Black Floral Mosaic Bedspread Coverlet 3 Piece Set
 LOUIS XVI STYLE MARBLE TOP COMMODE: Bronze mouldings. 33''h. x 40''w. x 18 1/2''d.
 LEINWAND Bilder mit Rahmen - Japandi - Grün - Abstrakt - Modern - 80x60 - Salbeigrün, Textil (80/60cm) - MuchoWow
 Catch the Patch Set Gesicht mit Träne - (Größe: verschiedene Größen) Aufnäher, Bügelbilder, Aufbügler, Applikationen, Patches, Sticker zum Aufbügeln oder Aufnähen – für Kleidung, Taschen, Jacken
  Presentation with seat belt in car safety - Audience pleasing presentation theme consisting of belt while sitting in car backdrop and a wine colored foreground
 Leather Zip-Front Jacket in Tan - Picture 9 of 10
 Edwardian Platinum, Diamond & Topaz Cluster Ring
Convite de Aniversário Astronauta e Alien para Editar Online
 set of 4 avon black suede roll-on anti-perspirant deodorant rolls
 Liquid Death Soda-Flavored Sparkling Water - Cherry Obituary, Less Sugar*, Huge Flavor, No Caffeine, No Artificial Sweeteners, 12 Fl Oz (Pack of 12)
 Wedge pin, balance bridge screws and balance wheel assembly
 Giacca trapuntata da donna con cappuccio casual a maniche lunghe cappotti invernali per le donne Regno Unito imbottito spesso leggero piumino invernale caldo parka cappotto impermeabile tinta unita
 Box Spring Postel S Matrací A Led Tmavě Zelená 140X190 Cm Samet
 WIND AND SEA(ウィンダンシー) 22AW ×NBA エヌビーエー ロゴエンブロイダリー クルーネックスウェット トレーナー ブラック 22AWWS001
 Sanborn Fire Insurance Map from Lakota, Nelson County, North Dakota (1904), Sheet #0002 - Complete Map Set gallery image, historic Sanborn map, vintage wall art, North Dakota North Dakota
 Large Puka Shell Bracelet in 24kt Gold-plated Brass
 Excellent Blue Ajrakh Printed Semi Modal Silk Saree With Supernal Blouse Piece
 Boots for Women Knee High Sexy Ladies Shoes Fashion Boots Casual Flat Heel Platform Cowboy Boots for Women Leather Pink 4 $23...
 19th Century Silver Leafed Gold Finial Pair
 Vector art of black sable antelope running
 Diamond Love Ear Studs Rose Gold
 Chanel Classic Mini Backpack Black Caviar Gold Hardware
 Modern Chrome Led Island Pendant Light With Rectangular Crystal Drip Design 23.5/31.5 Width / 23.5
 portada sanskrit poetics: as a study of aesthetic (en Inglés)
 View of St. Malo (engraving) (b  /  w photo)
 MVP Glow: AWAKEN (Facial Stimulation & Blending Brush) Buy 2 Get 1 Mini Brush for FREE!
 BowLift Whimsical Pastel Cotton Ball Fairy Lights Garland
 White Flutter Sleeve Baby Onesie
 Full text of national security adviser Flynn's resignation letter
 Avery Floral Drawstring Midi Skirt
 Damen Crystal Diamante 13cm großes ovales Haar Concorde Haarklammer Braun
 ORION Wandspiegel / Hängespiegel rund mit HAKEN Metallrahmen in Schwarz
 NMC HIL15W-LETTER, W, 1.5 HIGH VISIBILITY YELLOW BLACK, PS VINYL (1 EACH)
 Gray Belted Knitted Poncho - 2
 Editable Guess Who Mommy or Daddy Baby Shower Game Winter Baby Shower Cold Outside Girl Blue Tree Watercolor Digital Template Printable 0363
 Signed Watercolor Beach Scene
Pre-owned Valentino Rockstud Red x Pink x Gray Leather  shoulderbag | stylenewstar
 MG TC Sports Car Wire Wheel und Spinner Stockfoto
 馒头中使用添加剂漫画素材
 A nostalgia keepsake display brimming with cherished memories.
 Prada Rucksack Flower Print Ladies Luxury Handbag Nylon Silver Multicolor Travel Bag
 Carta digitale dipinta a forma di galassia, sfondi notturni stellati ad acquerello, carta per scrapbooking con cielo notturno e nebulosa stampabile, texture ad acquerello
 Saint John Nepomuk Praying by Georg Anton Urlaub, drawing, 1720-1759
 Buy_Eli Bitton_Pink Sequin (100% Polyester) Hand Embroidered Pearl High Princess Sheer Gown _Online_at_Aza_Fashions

--------

Task description:
State how many lines of the listing above include the word "Gray". Give nothing but the number.

Finished exercise:
2